Friday Thoughts: Life is beautiful and so is the Library
It is Friday. I am excited for another weekend. Autumn has arrived and it is getting colder here, but I don't really mind. It's a good excuse to stay huddled up indoors with a good book or audio book. My local library has free audio books. That might not seem like a big deal, but I really love it. Even when a book is very popular, I just put myself in the hold queue and wait. There will be something else to read or listen to in the interim.
Some people like to own things, but I don't really feel the need most of the time. Before the library was so digital, I had trouble returning my books on time. I racked up fines. Becauseof this, I developed a book budget and canceled my cable TV subscription. Priorities.

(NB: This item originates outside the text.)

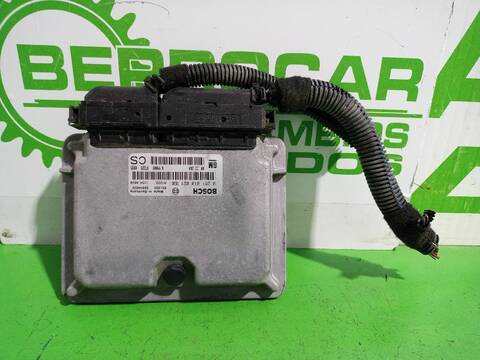 Foto 2ª: Centralita Motor ECU Opel Zafira ELEGANCE 82CV [X20DTL] (1999)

However, all that has changed now. I get my shows streaming (many from the library) and there are no more fines. That is something I love about the digital age. If a book is due back, it kindly returns itself. No fees. No drama. Thank you, book. So convenient.
I did not set out to discuss the library, but I love it. Free books, audio books, movies, music. It's the best deal in town. I am always surprised by how few people take advantage of this wonderful resource. Do you havea good library where you live? What's interesting is that many people I know have an Audible subscription and Netflix but no library card. And the library is free here! You don't even have to go to the library physically except when you initially set up your account.

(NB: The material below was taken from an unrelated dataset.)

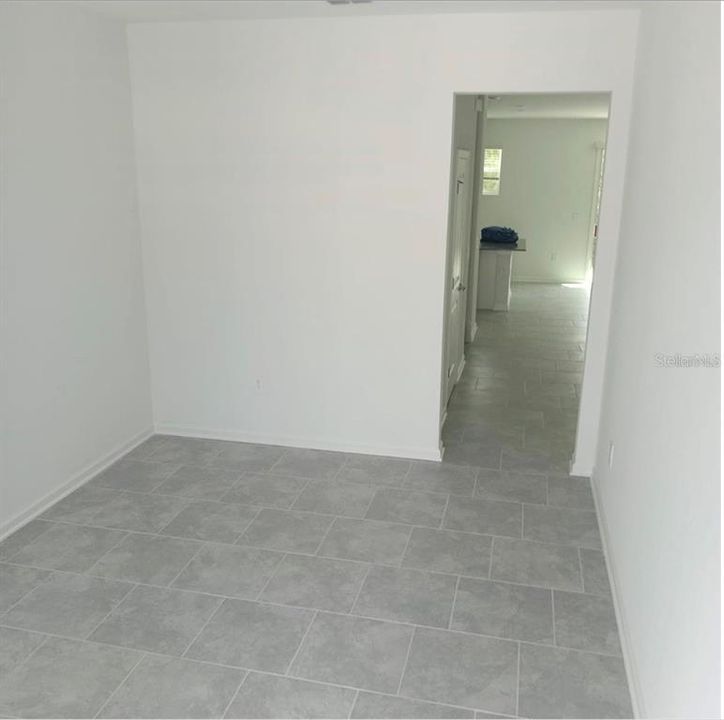 For Rent: $2,400 (3 beds, 2 baths, 1672 Square Feet)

Photo by Ivo Rainha on Unsplash
When I was helping a high school boy with his studies at the library once, he decided to steal a book. This puzzled me because he could just have borrowed it. I was not sure what to do. It was a classic, and I thought it was good that he was interested in reading. If one is going to be a juvenile delinquent, stealing books seems the lesser of many evils. However, I was upset because then the book is not available for others to read. I suppose I could have yelled loudly for the librarian or something, but it was hard enough to form a rapport with the boy to help him without doing this. I tried to talk him out of it. I failed. Should I have been more militant?
At any rate, I have a huge list of wonderful books I want to read or listen to. It seems like the list is endless. Last year, I got very interested in the Sherlock Holmes books by Arthur Conan Doyle. Not only are the stories interesting, but I find the window into the past fascinating. I read that there were numerous judicial reforms because of Sherlock Holmes. Isn't that interesting? We tend to think of fiction as not necessarily having a bearing on everyday life when, actually, it is extremely relevant. I sometimes think fiction is more true than non-fiction.

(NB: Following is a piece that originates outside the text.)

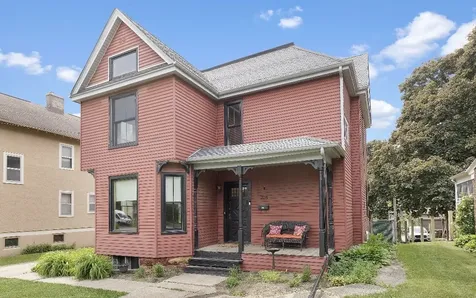 218 North London Avenue Rockford IL 61107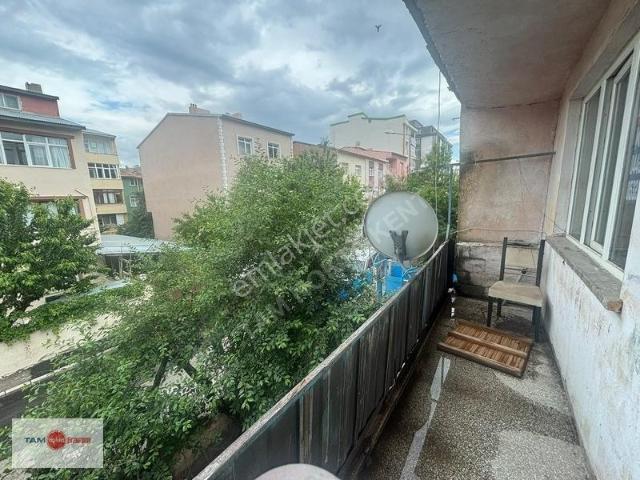 Tam Nokta Kent'ten Şükrüpaşa'da Kiralık 3+1 Daire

Non-fiction is limited by the facts and, often, a conscious desire to inform. Fiction, on the other hand, can shine a light on a situation without being held up to a burden of proof. Many works of fiction have driven social reform. For example, "Uncle Tom's Cabin," and the works of Charles Dickens.
In the case of Sherlock Holmes, reforms to the appeals process were made. Also, his fictional detective work was arguably the genesis of modern forensic science. Many of the stories depicted people who, by circumstantial evidence, appeared extremely guilty. Through Sherlock Holmes, Arthur Conan Doyle reveals the error and miscarriage of justice that comes from making assumptions rather than deductions based on the evidence.
Do you enjoy reading? Do you prefer fiction or non-fiction? I like both. What kind of books do you like?
I think it will be an amazing weekend. I am looking forward to it with great anticipation!